From a report by Jennifer Schuessler of the New York Times about the recent debate between David Graeber and Peter Thiel, two big-picture thinkers who could not be more disparate politically:

“If he and Mr. Graeber didn’t plan the future on Friday, they did agree that it needed to be radically different from the present. Mr. Graeber kicked things off with an extemporaneous summary of his essay ‘Of Flying Cars and the Declining Rate of Profit,’ which is included in the new Baffler anthology No Future for You. (As of this writing, the book was lagging about 297,000 spots behind Mr. Thiel’s on Amazon.)

Once upon a time, he said, when people imagined the future, they imagined flying cars, teleportation devices and robots who would free them from the need to work. But strangely, none of these things came to pass.
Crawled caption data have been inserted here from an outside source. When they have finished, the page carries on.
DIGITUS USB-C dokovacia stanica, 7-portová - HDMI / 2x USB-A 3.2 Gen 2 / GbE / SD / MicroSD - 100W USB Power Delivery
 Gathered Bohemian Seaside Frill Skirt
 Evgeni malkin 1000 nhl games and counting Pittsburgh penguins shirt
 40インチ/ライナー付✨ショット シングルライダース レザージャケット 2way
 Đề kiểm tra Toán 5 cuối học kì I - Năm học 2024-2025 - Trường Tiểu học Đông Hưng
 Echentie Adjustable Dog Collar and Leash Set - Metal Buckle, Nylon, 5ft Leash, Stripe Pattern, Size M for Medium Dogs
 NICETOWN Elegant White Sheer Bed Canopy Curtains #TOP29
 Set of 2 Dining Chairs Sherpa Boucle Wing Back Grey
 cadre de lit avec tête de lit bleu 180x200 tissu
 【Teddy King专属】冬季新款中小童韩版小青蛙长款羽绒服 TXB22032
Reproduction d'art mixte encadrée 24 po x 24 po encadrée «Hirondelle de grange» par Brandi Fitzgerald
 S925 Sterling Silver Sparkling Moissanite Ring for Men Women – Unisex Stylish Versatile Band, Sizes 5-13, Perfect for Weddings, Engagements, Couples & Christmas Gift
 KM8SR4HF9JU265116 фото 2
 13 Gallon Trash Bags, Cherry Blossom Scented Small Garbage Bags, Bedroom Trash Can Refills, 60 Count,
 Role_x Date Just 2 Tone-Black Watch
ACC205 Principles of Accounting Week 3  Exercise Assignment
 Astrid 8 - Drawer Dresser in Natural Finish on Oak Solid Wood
‘What happened to the second half of the 20th century?’ Mr. Graeber asked. His answer is that it was deliberately short-circuited by a ‘ruling-class freak-out,’ as ‘all this space-age stuff was seen as a threat to social control.’

Mr. Thiel took the microphone and made a similar argument, citing the slogan of his venture capital firm, the Founders Fund: ‘We wanted flying cars, instead we got 140 characters.’

If he didn’t blame any ruling-class freakout, he did see a loss of nerve and sclerotic bureaucracies. He cited the anarchist slogan ‘Act as if you are already free,’ and praised initiatives like SpaceX, the private space technology company started by his fellow PayPal founder, Elon Musk.

‘We’re not going to get to Mars by having endless debates,’ he said. ‘We’re going to get to Mars by trying to get to Mars.'”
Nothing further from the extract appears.